■ Material for this task ■
..............................

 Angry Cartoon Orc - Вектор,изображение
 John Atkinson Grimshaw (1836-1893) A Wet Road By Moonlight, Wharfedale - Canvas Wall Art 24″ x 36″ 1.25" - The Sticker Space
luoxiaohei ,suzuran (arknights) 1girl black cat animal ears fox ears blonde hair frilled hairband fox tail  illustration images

..............................

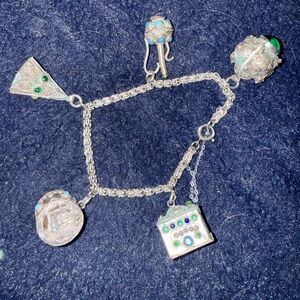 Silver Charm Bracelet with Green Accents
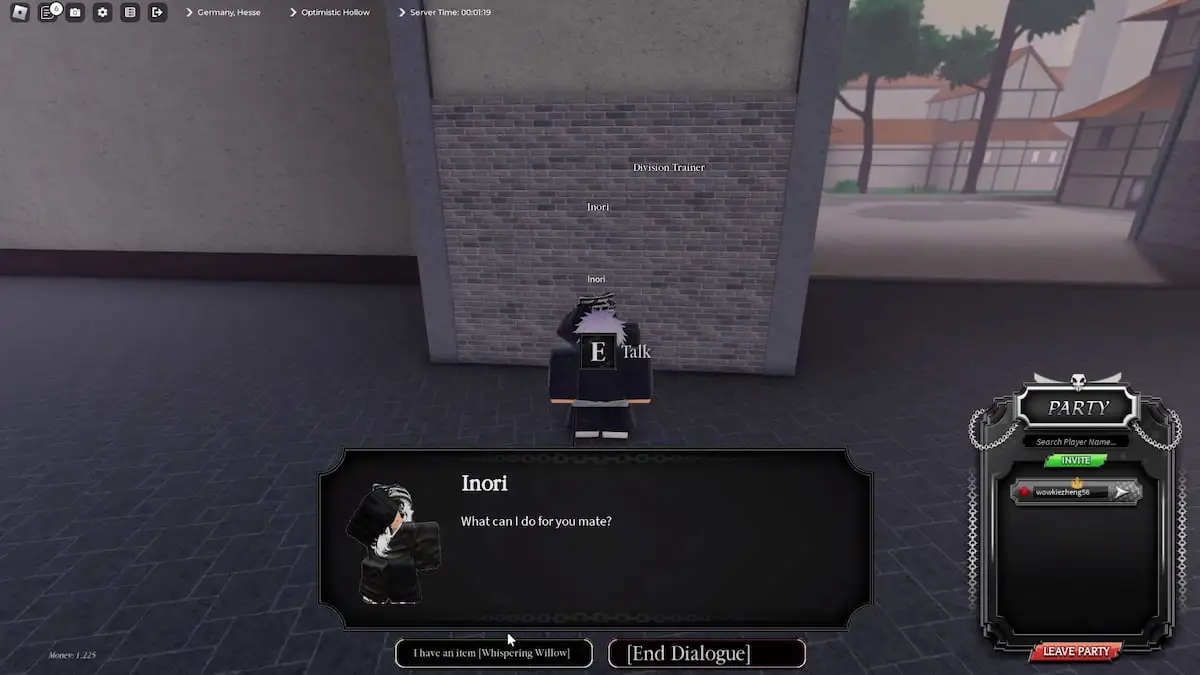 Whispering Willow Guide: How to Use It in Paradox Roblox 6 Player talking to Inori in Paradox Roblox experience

..............................

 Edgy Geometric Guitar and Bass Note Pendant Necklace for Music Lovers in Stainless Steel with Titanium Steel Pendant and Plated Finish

..............................

■ Required action ■
Copy word for word the lines of the records above from the one with "Silver Charm Bracelet with Green Accents" up to and including the one with "Whispering Willow Guide: How". Skip the pictures.

■ Answer to this exercise ■
 Silver Charm Bracelet with Green Accents
 Whispering Willow Guide: How to Use It in Paradox Roblox 6 Player talking to Inori in Paradox Roblox experience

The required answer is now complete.